Deutscher IPO-Markt gewinnt an Fahrt
London in Europa unangefochten die Nummer eins
Hauptmarkt für Emissionen in Europa bleibe unangefochten London, allerdings nehme auch der deutsche Markt wieder Fahrt auf. Neun Unternehmen sind bis Mitte Oktober erstmals im Prime Standard notiert worden; der TV-Sender Premiere ist mit einem Volumen von 1,6 Milliarden US-Dollar das größte IPO in Deutschland und das sechstgrößte in Europa. 14 deutsche Unternehmen haben die Notierung im Freiverkehr aufnehmen lassen.
"Ich erwarte ein starkes IPO-Jahr 2006 in Deutschland wie in ganz Europa", zeigte Gratzer sich zuversichtlich.
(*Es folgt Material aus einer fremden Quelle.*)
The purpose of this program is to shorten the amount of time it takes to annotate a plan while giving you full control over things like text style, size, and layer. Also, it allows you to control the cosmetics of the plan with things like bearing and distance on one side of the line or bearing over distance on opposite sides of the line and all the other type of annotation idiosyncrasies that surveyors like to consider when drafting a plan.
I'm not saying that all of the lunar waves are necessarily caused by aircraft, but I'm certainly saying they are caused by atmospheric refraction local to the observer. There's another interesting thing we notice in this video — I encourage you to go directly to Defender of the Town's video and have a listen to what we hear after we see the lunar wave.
Großvolumige Neuemissionen wie Springer Science (Medien) und Cognis (Spezialchemie) seien in Deutschland relativ sicher. Hinter einer Platzierung von Aktien der Immobilienbank Eurohypo, dem Kohleunternehmen RAG oder der Bahn müsste noch ein Fragezeichen gesetzt werden.
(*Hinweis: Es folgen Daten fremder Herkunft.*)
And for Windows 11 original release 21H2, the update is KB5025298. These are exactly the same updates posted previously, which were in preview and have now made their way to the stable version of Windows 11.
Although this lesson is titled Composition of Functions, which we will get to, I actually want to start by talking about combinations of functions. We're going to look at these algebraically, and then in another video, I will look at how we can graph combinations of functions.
Platzierungsprobleme bei hochvolumigen Emissionen befürchtet der Investmentbanker indes nicht. Die Liquidität der Investoren sei sehr hoch, so dass auch die Nachfrage nach großen Börsengängen vorhanden sei.
Morgan Stanley erwartet für Europa starkes IPO-Jahr 2006
Die Anzahl der Transaktionen werde im kommenden Jahr kräftig steigen. Einen Branchenschwerpunkt könne Gratzer nicht ausmachen, aber eine leichte Verschiebung der treibenden Kräfte. So seien bereits zu etwa drei Viertel die Überkreuzbeteiligungen aufgelöst, so dass das Volumen bei der Platzierung von Aktienpaketen bei Investoren nachgeben werde.
Die 10 weltweit größten Börsengänge 2005
Rang
Datum
Unternehmen
Land
Emissions-
volumen*
1
08.07.
Gaz de France
Frankreich
5,4
2
08.06.
China Shenhua Energy
China
3,3
3
17.06.
Bank of Communications
China
2,2
4
27.06.
Party Gaming
Großbritannien
1,9
5
10.02.
Huntsman
USA
1,6
6
09.03.
Premiere
Deutschland
1,6
7
09.02.
AFK Sistema
Russland
1,6
8
22.04.
Raiffeisen International
Österreich
1,5
9
25.06.
Cosco Holdings
China
1,3
10
19.07.
RHM
Großbritannien
1,2
* in Milliarden Dollar; Stand: Mitte Juli 2005, Quelle: Bloomberg
Dafür aber würden vor allem die Platzierungen von Aktien aus dem Besitz von Private-Equity-Fonds zunehmen, erwartet Morgan Stanley. "Etwa die Hälfte der IPOs werden bereits von Private Equities angestoßen, die ihre Anteile am Markt weiterverkaufen. Tendenz steigend", sagte Gratzer.